===== Material for the task =====
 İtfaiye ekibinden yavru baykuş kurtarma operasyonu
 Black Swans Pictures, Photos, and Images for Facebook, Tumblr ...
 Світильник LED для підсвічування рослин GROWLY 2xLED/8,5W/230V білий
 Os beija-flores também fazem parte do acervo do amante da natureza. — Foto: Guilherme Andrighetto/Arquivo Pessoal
=====
===== Material for the task =====
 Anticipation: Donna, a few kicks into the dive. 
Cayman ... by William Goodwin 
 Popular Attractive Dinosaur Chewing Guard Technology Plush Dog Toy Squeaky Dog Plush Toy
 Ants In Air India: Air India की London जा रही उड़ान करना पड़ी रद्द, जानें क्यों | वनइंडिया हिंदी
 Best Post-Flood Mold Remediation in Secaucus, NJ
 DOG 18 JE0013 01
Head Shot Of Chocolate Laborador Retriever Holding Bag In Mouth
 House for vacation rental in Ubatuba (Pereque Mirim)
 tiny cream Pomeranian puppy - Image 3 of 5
=====
** Task item **
Among the entries above, find the line with "İtfaiye ekibinden yavru" and the line with "Os beija-flores também"; give again exactly these two lines and all lines between them.

** Result **
 İtfaiye ekibinden yavru baykuş kurtarma operasyonu
 Black Swans Pictures, Photos, and Images for Facebook, Tumblr ...
 Світильник LED для підсвічування рослин GROWLY 2xLED/8,5W/230V білий
 Os beija-flores também fazem parte do acervo do amante da natureza. — Foto: Guilherme Andrighetto/Arquivo Pessoal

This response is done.